Australia’s chance to lead when leaders are needed

Robert C. Johnston.

 

A version of this was printed in The Manly Daily, on October 3rd 2009.

WITH a relatively small population and limited military power projection, Australia as a nation has historically found it a challenge to exert its influence in world affairs. It is encouraging to note, however, Prime Minister Rudd rising to the occasion at the UN climate change talks in New York last week.

It is in global diplomacy such as this where Australia, equipped with its reputation as a democratic, multicultural, honest, tolerant, developed middle-power, can grasp opportunities. We have the chance to use understanding and friendly brinkmanship not to coerce opposing views into submission, but to set a standard and lead by an example that others in the global community, developed and developing nations alike, will seek to emulate.

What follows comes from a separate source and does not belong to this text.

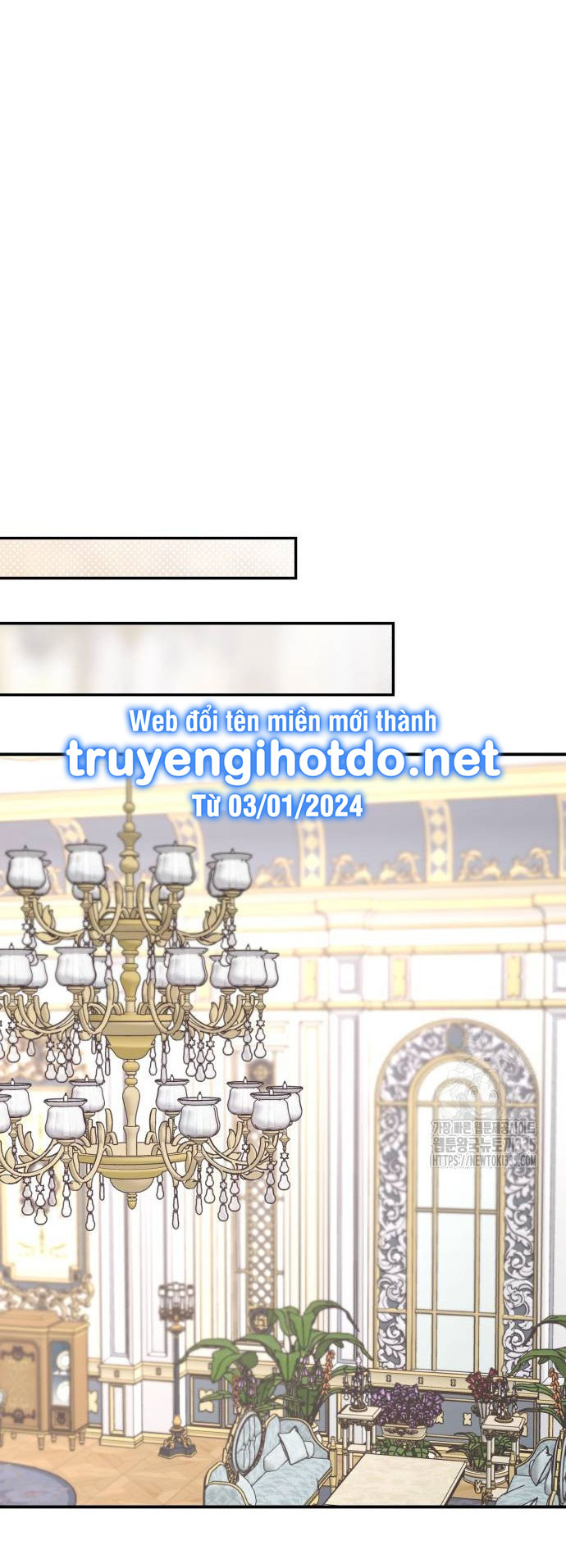 bạo chúa muốn có cuộc sống tốt đẹp chapter 66.1 19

To ensure our success, we must remember that all politics is local: what we do in our own backyard affects our chances of positive and persuasive influence in the world – of making a real difference, whatever the issue.

Roadtrip robert c. johnston 1With the Copenhagen conference on climate change fast approaching, let’s make certain that Australia arms itself with its own worthwhile, yet realistic, self-imposed emission reduction targets, and be in the process of fast-tracking the development of significant – not token – renewable energy infrastructure to back up our rhetoric. We’ll need it in the future, so let’s build it now.

Do we want to sit by and wait till Copenhagen to see how other nations might tackle climate change? I don’t. We as a nation are in a privileged position that would allow Australia the opportunity to lead when leaders are needed – to stand up and be the template. Let’s stand up and lead.